RELX is at the forefront of analysing data for a long list of global clients - you can read more about the business and what it does in this in-depth article from 2017.
It is also a key holding in Finsbury Growth & Income (FGT) investment trust with fund manager Nick Train explaining to Shares in this article why he likes the stock.
Stripping out the impact of currency movements, RELX’s revenue growth in 2018 totalled 4% and guidance is for more of the same in 2019.
Sentiment towards the stock, which jumped 1.7% following the publication of its results to £17.14, is also likely boosted by a 7% hike in the dividend and news of a £600m share buyback.

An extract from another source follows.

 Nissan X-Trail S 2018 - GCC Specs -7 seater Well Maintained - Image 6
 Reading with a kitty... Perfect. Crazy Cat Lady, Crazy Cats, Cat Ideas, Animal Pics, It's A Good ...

The company also helped reassure on fears over open access - the principle of giving away publicly-funded peer-reviewed research for free - as it described the environment for its scientific journals business as essentially unchanged.
The only negative was a hit for its exhibitions division linked to a reduction in space associated with the Tokyo Olympics in 2020.
Liberum comments: ‘While the 2019 guidance was the usual commentary about another year of revenue and profits growth, the comments on the customer environment in the STM (journals) business remaining “largely” unchanged should reassure investors given the concerns over the impact over open access.
‘RELX remains a beacon of solidity in a sector riven by concerns over structural changes and so we expect it to maintain its premium rating.’